The way software is written nowadays, it wouldn't surprise me if unnecessary functions were performed even when they served no purpose. Anyone who's used a Microsoft product is familiar with this phenomenon. How much simpler would things be if you only created a text version when you wanted one?
It's possible that feature was on by default in whatever software was used to scan the BC, even though in this case it wouldn't be needed (and would have saved a lot of trouble if it had been turned off).
Proof of incompetence by someone, Nicht Wahr?
Again, without knowing what scanner and software were used, and how, this has to be just speculation.
Somewhere in one of these threads "Bushpilot1" (I think) posted a link that purports to show what software was used to create the document. If I recall properly, he said it was some Apple application. Supposedly this data was contained in the PDF file.
The answer would be (I think) that the OCR didn't recognize the first 'R' as an R, and so left it part of the background--i.e., it didn't try to extract and "read" it--probably because it was more gray than black. In the second instance, though, it grouped it with the text rather than with the background.
I think that theory does nothing to explain why the pixels of the "R" are 4 times the size of the pixels of all the other letters. If it thought it was part of the background, it would use the default pixel size. I argue that the destination surface was of uniform size, and the software copied what it saw using 4 pixels of the destination surface for every pixel of the source image. The question is, how could it "see" pixels four times larger (and with different bit depth) on one character and not any others?
I see this as the "smoking gun" of a paste up. It is not the only peculiarity.
Probably just lack of awareness. We don't know where the scan was made, but it was probably at the Hawaii DOH, Obama's lawyer's office, or the WH. In all cases, I can see the IT person installing the document archiving system and turning on the OCR part, because 90% of the time, that's what they'd want and they don't want the user to have to think about it. In this case, the user didn't think about it.

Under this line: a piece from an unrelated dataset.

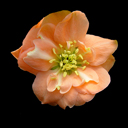 Chaenomeles speciosa 'Cameo'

Somewhere in one of these threads "Bushpilot1" (I think) posted a link that purports to show what software was used to create the document. If I recall properly, he said it was some Apple application.
It's not really an application, it's a PDF handler built into OS X--I think it's what lets any Mac application "print" a PDF file. It doesn't tell us what software was used for scanning, or even for printing the PDF. I do know (I'm a Mac user) that there's a filter for "Reduce File Size" when you're creating a PDF in at least one Apple program--I don't know exactly what it does, though.
I think that theory does nothing to explain why the pixels of the "R" are 4 times the size of the pixels of all the other letters. If it thought it was part of the background, it would use the default pixel size.
It would be because after the letters were extracted from the background, the background was "downsampled" to a lower resolution. That "expert" I pointed you to before (I'm only using quotes because it's WND that labeled her an expert--I can't vouch for her myself) wrote:
The use of OCR software and image optimization have a number of other effects on documents. Each of these issues, which can result from OCR or optimization processing, may have led to the appearance of tampering and manipulation, and accusations of forgery.Pixel size: In any scanned image, pixels are all the same size. Pixels in the Presidents birth certificate, however, are not. The pixels around the optimized text are a much smaller size than the background pixels.